Sixteen of the Primates in attend­ance will be new ones who did not take part at the last meeting, and will bring “fresh energy” but also “tough questions”, Archbishop Welby said last week.

In a video posted last week by the Anglican Communion News Service — part of the Anglican Communion Office, which is or­gan­is­­­ing the meet­ing — Archbishop Welby said that the presence of 16 Primates who had not attended the 2016 gathering would bring “a whole lot of fresh energy and fresh excite­ment — and, no doubt, some tough questions, which will come from them having not been there before”.

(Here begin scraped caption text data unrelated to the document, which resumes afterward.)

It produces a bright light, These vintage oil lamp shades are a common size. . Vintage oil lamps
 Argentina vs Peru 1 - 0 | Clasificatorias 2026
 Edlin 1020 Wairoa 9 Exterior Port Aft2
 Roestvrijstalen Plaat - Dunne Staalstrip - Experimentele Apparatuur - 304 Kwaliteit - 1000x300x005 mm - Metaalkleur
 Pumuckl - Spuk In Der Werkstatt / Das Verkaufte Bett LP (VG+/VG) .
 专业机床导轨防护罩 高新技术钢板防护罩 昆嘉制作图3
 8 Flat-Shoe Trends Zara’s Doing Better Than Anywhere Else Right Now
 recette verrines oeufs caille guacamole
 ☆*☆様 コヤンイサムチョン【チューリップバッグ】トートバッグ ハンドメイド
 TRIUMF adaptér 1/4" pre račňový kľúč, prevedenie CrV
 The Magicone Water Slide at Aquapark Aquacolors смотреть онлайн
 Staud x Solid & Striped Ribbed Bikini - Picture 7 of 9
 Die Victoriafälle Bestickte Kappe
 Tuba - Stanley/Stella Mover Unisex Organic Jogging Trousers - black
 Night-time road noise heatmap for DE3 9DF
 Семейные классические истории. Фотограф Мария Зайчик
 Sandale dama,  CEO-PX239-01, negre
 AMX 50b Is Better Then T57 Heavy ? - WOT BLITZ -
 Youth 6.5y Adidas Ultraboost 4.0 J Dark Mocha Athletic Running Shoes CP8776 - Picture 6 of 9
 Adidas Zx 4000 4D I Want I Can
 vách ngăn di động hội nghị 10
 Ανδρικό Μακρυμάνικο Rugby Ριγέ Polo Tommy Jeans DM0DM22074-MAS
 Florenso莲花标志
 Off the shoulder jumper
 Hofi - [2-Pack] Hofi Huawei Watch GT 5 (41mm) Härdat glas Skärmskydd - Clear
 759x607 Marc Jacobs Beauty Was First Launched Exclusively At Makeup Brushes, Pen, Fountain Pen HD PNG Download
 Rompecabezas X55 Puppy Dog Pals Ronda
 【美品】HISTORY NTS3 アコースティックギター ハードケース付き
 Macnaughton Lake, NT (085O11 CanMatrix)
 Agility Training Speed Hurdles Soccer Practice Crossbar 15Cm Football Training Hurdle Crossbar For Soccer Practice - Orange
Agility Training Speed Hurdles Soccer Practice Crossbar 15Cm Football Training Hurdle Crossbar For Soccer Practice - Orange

Archbishop Welby said that the task group set up after the 2016 Primates’ Meeting — to “look at the issues that were dividing us, obvi­ously particularly the issue of human sexuality” — would present its pre­liminary report.

Lambeth Palace is understood to be confident that there is not yet any serious prospect of a fresh split in the Communion. Even within those Provinces whose Primates refuse to attend meetings at which the US Episcopal Church is represented, there remain plenty of dioceses and bishops who would not countenance a formal split from Canterbury.

Continuing Commonwealth ties are understood to be resilient, and affection towards the Church of England remains, together with long-established relationships between Provinces. Archbishop Welby will announce the appoint­ment of a new special representative to the Com­mon­­wealth in the coming weeks to build on these links.

An open letter was sent to all the Primates by the Human Sexuality Group on the General Synod, on Tuesday. Noting Synod votes this year, the letter says: “The direc­tion of travel for the Church of Eng­land is clearer than ever, for which we give thanks.” It reminds the Primates of the section of the 2016 com­muniqué condemning “homophobic prejudice and viol­ence”, and reject­ing “criminal sanctions against same-sex-attracted people”.